What is required> Beginning at the first line of the data, print each line exactly, stopping after the line that contains "4194 Bluff Harbor Way, Wellington, FL 33449".

========

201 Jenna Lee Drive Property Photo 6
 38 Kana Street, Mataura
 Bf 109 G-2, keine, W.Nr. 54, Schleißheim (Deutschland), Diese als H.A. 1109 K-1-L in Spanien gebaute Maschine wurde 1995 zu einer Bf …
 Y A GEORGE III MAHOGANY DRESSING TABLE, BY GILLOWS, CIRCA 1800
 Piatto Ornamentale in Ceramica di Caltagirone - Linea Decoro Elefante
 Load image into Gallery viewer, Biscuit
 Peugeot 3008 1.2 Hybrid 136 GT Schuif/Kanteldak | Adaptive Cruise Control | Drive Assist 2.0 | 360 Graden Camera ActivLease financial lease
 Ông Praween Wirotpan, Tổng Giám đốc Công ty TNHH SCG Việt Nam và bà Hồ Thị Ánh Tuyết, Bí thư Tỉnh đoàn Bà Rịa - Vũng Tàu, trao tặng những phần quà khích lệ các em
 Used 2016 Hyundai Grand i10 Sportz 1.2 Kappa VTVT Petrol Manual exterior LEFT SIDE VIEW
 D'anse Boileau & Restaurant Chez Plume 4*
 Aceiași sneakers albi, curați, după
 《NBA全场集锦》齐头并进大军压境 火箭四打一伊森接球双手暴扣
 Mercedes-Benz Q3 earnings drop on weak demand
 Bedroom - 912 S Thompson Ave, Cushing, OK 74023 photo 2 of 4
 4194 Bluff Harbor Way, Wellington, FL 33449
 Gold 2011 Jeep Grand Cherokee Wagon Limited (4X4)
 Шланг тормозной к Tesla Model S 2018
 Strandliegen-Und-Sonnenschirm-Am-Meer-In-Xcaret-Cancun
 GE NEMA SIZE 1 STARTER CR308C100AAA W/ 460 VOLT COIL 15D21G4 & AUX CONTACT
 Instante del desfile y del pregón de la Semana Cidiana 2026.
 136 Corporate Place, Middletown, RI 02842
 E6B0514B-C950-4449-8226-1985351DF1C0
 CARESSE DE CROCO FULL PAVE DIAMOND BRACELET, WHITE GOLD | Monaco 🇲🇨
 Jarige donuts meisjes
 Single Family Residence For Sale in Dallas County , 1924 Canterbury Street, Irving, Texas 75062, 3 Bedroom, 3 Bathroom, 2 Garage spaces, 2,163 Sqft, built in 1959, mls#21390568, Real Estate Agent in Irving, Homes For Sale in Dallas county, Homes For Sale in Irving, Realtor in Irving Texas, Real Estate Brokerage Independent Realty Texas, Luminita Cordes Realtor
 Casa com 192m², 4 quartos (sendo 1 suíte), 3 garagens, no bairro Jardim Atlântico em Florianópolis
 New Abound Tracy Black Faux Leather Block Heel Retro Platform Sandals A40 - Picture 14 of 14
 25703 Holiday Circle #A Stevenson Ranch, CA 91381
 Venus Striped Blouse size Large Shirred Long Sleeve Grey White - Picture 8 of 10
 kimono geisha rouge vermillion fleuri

========

Output>
201 Jenna Lee Drive Property Photo 6
 38 Kana Street, Mataura
 Bf 109 G-2, keine, W.Nr. 54, Schleißheim (Deutschland), Diese als H.A. 1109 K-1-L in Spanien gebaute Maschine wurde 1995 zu einer Bf …
 Y A GEORGE III MAHOGANY DRESSING TABLE, BY GILLOWS, CIRCA 1800
 Piatto Ornamentale in Ceramica di Caltagirone - Linea Decoro Elefante
 Load image into Gallery viewer, Biscuit
 Peugeot 3008 1.2 Hybrid 136 GT Schuif/Kanteldak | Adaptive Cruise Control | Drive Assist 2.0 | 360 Graden Camera ActivLease financial lease
 Ông Praween Wirotpan, Tổng Giám đốc Công ty TNHH SCG Việt Nam và bà Hồ Thị Ánh Tuyết, Bí thư Tỉnh đoàn Bà Rịa - Vũng Tàu, trao tặng những phần quà khích lệ các em
 Used 2016 Hyundai Grand i10 Sportz 1.2 Kappa VTVT Petrol Manual exterior LEFT SIDE VIEW
 D'anse Boileau & Restaurant Chez Plume 4*
 Aceiași sneakers albi, curați, după
 《NBA全场集锦》齐头并进大军压境 火箭四打一伊森接球双手暴扣
 Mercedes-Benz Q3 earnings drop on weak demand
 Bedroom - 912 S Thompson Ave, Cushing, OK 74023 photo 2 of 4
 4194 Bluff Harbor Way, Wellington, FL 33449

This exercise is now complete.